An overview of Ann and Bea's implementation of each construct during years 1 and 4.
Ann's overall instructional style appeared to be relatively stable. Ann indicated in her post-intervention interviews that when changes did take place, those adjustments were likely related to curriculum changes as opposed to PD intervention.
Worked examples
Ann's average score in worked examples decreased from 1.75 to 1.5. During Y1, she unpacked at least one worked example in each lesson except for L3, which contained multiple short examples. However, during Y4, she had two lessons (L1, L3) in which her longest worked example came in the form of interactive videos provided by the textbook publisher and took 6 and 4.5 min, respectively. Despite this slight difference across the years, Ann consistently used multiple worked examples per lesson. Although she used more examples in Y1 lessons (about 4 per lesson) than in Y4 (about 2 per lesson), her choice of using fewer examples in Y4 seemed to be motivated by the changes in curricular requirements.
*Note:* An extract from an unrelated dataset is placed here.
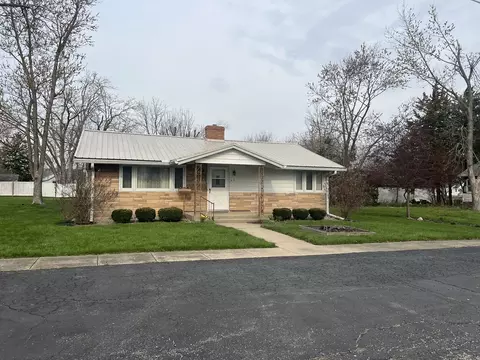 816 Lincoln St, Minonk, IL 61760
In the interview following the beach ball lesson, Ann mentioned feeling constrained by her textbook, “They don’t give a lot of examples. They give two that we are supposed to work on together. They’re supposed to go back to their seat and do their own stuff. It's not enough.”
Although nearly all practice problems were aligned to worked examples, we identified a slight decrease in Ann's practice problem scores (from 2 to 1.75) in Y4-L2 lesson. Her use of dominos (e.g., This side is 4, this side is 2. I want to know how many dots are different. What is the difference?) led to several issues. First, these practice exercises were structured as comparison problems, as opposed to the takeaway problems from the worked example (CCSSI, 2010). Second, Ann directed her students to solve by “taking away” cube manipulatives rather than making use of the inverse understanding targeted by the worked example. These observations may suggest limitations of teachers’ knowledge about the basic additive word problem structures, which were discussed using CCSSI's (2010) Table 1 (p. 88) in our summer PD. However, the initial study did not assess teachers’ learning gains in this content knowledge area and have identified this as something to be improved in future PD efforts.
Representations
Ann's score for concrete representations was 1.25 for both years. In Y1, one of Ann's lessons situated the worked examples in a concrete context. The rest of her lessons contained only semi-concrete representations such as cubes, fact triangles, dominos, and 10-frames (see Figure 3, left). In Y4, Ann increased the use of concrete contexts in three lessons that relied on textbook presentations (Y4-L2) or interactive videos (Y4-L1 and Y4-L4). There was also an increased use of bar models (see Figure 3, right) in all Y4 lessons, as opposed to only one of the Y1 lessons; however, Ann used concrete contexts mainly as a pretext for computation. The concrete context in Y4-L2 (as described in the coding example in the Method section) was referenced only tangentially after the corresponding bar diagram had been completed, even though there was a situation where the context could have been cited to help students identify and correct errors (see Figure 3, right).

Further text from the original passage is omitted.